With regard to marriages celebrated abroad, the ECtHR’s case law makes clear that Contracting States are (currently) under no obligation to recognise polygamous marriages (Green and Farhat), child marriages (Z.H. and R.H.) and same-sex marriages (Orlandi and Others). The principle of monogamy and the rights of the child allow Contracting States to refuse the recognition of a marriage validly established abroad. The lack of a European consensus on same-sex marriage and the present-day interpretation of Article 12 ECHR permit Contracting States to restrict access to marriage to different-sex couples and refuse the recognition of a same-sex marriage celebrated abroad. However, in order to fulfil the positive obligations under Article 8 ECHR, Contracting States must have a specific framework in place providing for the recognition and protection of same-sex unions. Consequently, same-sex couples lawfully married abroad have the right to have their marriage converted into a registered partnership or civil union with the aim of having their relationship legally protected.

Prevalence of human rights law in the practice of Belgian and Dutch administrative and judicial authorities

Through my doctoral research, I explored to what extent human rights law can be invoked to obtain or prevent the recognition of a (change in) personal status obtained abroad and to explore how Belgian and Dutch public servants and judges implement these principles. The results are alarming.

In an online survey distributed among 219 Belgian and Dutch public servants, no less than 124 participants (or 80% of the respondents who answered this question) disclosed that they are not aware of the case law of the ECtHR regarding the recognition of a personal status obtained abroad. Only 31 participants stated that they are familiar with the ECtHR’s case law of which only 20 indicated that they also apply this case law in practice (for more information: Den Haese, Sarah, and Verhellen, Jinske, “Foreign Birth and Marriage Documents: The Voice of Belgian and Dutch Public Servants”, Nederlands Internationaal Privaatrecht (NIPR), No. 2, 2020, pp. 195-215).

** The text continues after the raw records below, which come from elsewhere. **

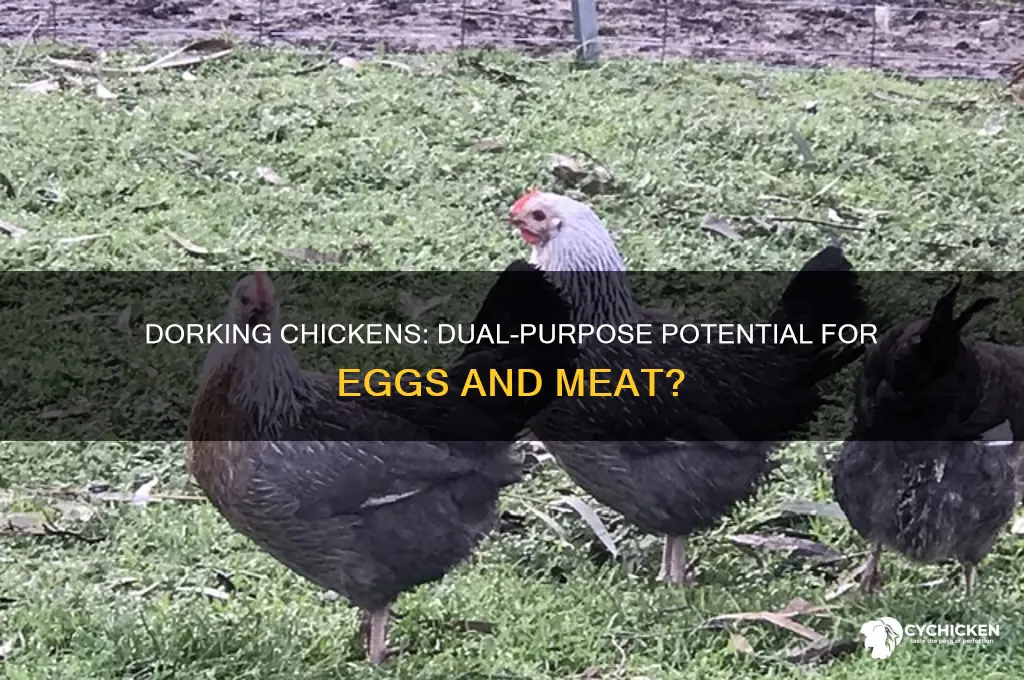 is the dorking a dual purpose chicken breed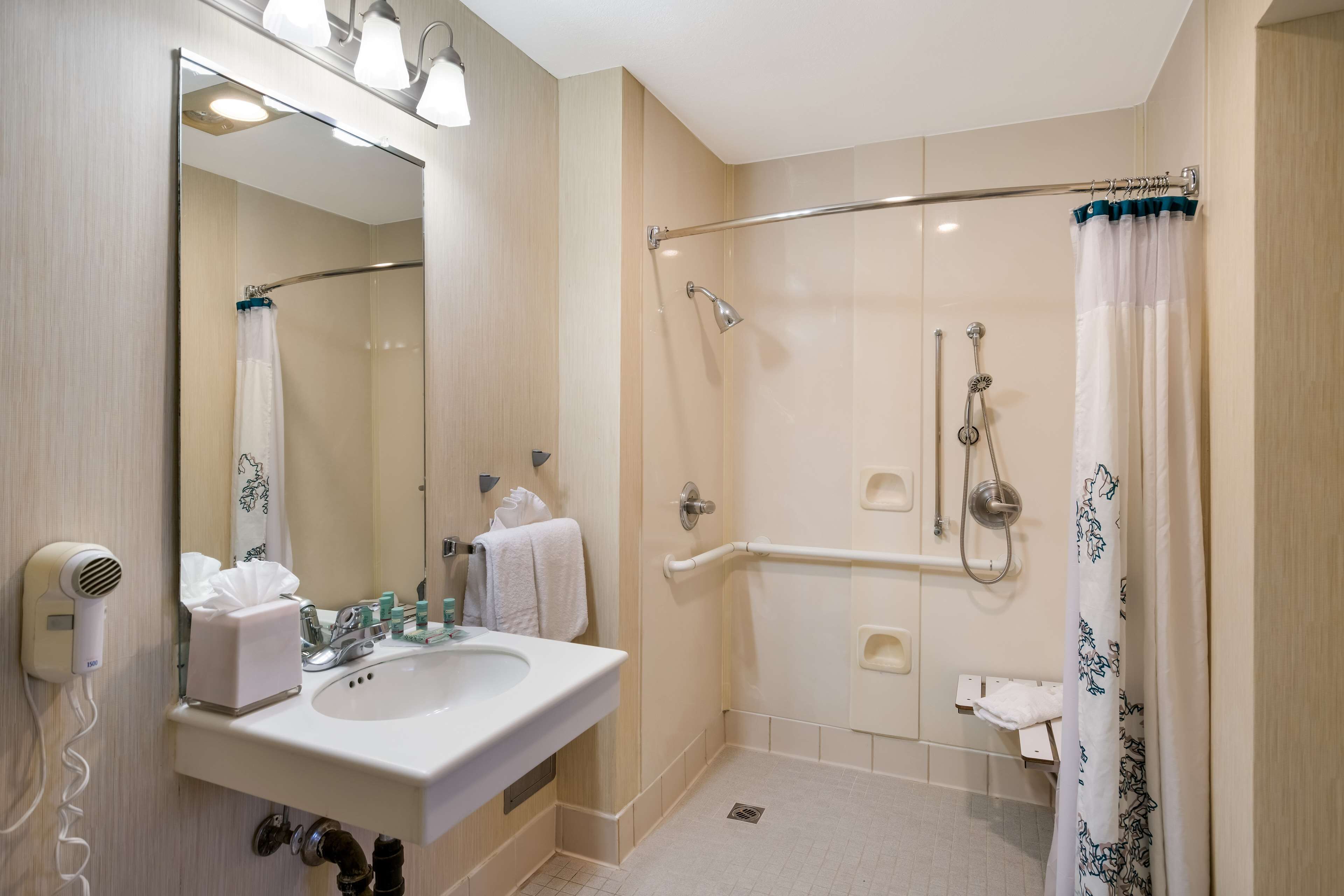 suite, 1 king bed, accessible, kitchen (with sofabed, full kitchen) | bathroom | combined shower/bathtub, eco-friendly toiletries, hair dryer, towels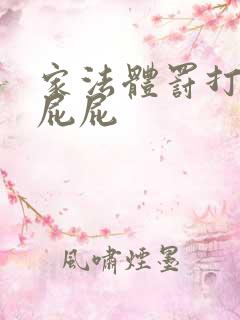 家法体罚打丫鬟屁屁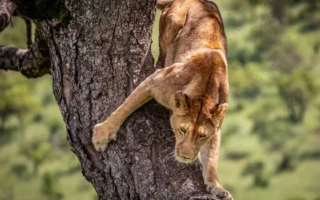 Tree Climbing Lions in East Africa
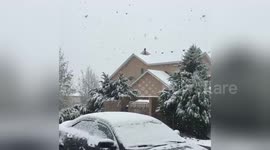 Newsflare Edit - A little May snow storm https://t.co/sv5SPRgXv3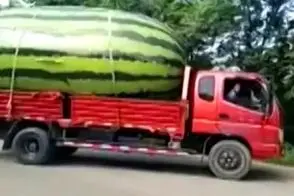 کشاورزی نوین؛ ۵۰۰ کیلو هندونه رو چهارتایی برداشتن زیرش له شدن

At the level of the courts, the situation is not that different. Both in Belgium and the Netherlands, case law was scrutinised dealing with requests to have foreign marriages certificates and foreign documents establishing parenthood recognised. In Belgium, Article 12 ECHR alone or in conjunction with Article 8 ECHR was (were) invoked in 19% of the analysed cases where recognition was sought of a marriage celebrated abroad. In nearly all cases, the right to marry was invoked to justify the non-recognition of the foreign marriage certificate if it had been established that (one of) the spouses do(es) not have the intention to create a sustainable community of life. Both family and appeal judges emphasised that the right to marry is not absolute and that the ECHR only protects ‘real’ relationships. In cases where recognition was sought of parenthood established through surrogacy, the ECtHR’s case law was omnipresent. This is no surprise as Belgium has no legal framework in place dealing with surrogacy. In the Netherlands, reference to the ECHR and the ECtHR’s case law was limited to cases where the applicant(s) tried to obtain the Dutch nationality for a person born during a polygamous marriage. In none of these cases did the applicants succeed in convincing the court to grant them or their child(ren) Dutch nationality.

Further research is needed to determine why domestic judges refrain from explicitly invoking human rights principles. Are national judges not familiar with these principles? Do they not see the potential of these principles when the portability of a personal status is at stake? Or are their judgments shaped by the case law of the ECtHR without explicit reference?

* Dr Sarah Den Haese is a researcher at the Institute for Private International Law at Ghent University. Her research interests concern private international law, (international) family law, human rights law and migration law. She obtained her PhD in October 2021.